Can we really define local? 

A ‘local food system’ does not have one single definition, as everyone defines it a little bit differently. One of the most common factors used to define local is the geographical distance between the point of sale and point of production.1 For others, local can also be defined by how good their relationship is with their food producer, as well as the trust they have in that relationship.1

Where it gets complicated is when the EU offers support for ‘local’ food systems, which would lead us to believe that they have a clear definition of ‘local’. They do not. In fact, the definition is left to the member states’ rural development programmes, with the only premise being that distance needs to be a defining factor.2 This link to short distances between the start and end of supply chains often pins local food systems as one and the same with ‘short food supply chains’ or SFSCs. But while they are similar, there are a few key distinctions.

Short food supply chains vs local food systems 

The main difference between the two is that short food supply chains have an official definition in EU regulations, as well as in many other research and official government papers across the globe.

In the EU rural development regulation (1305/2013) short food supply chains are defined as: 'a supply chain involving a limited number of economic operators, committed to cooperation, local economic development, and close geographical and social relations between producers, processors and consumers.”3 Essentially, they focus on limiting the number of intermediaries in the supply chain rather than simply the geographical distance.

SFSCs also go beyond being simply ‘local’ in their nature and focus on connecting consumers to the people producing their food in several different ways - the simplest being the system of direct trade, either by individuals or collectives, for example, at a local farmers market.4

Are there benefits to local food systems or short food supply chains? 

Given the similarities between both approaches, they share some common benefits - from social to economic and environmental. 

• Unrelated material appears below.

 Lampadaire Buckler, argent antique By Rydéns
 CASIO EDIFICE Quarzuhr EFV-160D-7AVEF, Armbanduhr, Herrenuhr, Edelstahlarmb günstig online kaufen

Social benefits can include closer interactions and connections between consumers and producers, which can build trust and relationships. This closer sense of connectedness to food systems, origins and suppliers also helps to create a greater sense of community that gives us as consumers more ‘buy-in’ to the processes, products and people we support through our choices. On top of this, localised and short food supply chain schemes offer a knowledge increase for consumers that could lead to behavioural changes that filter into daily life. As we consumers gain new knowledge, it can empower us to make more educated decisions to support sustainable producers or practices - even outside of our own food communities.4


The economic benefits centre around rural development and (rural) economic regeneration. Local food systems and SFSC offer new employment opportunities, greater infrastructure and increase the demand for local services. In an SFSC, farmers and producers can put a ‘premium’ on their product, as well as cut out extra intermediaries, which can both lead to an increase in income.4 Farmers markets or other local markets can also promote business for retailers surrounding the markets, driving people to explore regions that are less visited.4


Although environmental benefits are relatively clear, they are much harder to pinpoint. The environmental impact or benefits depend on how the local food system is defined. There are certain indicators related to environmental benefits. A geographically defined ‘local’ system can reduce GHGs related to transport distances, and if the system is seasonal, it can reduce GHG emissions associated with storage. If the food production within the system is based on sustainable practices, benefits can also include reduced pesticide use, reduced soil degradation, reduced water use and many more. 4

The biggest issue with identifying the environmental benefits and comparing ‘local’ food systems to ‘non-local’ is that the products are rarely followed from farm to fork. Lifecycle analyses are often stopped at the point of retail. Therefore, comparisons are hard and interpreting the results is not always easy. 4

Nevertheless, buying local - whatever that might mean for you - and taking part in short food supply chains can be a good first step to having a positive impact on our planet and the people involved in our food system.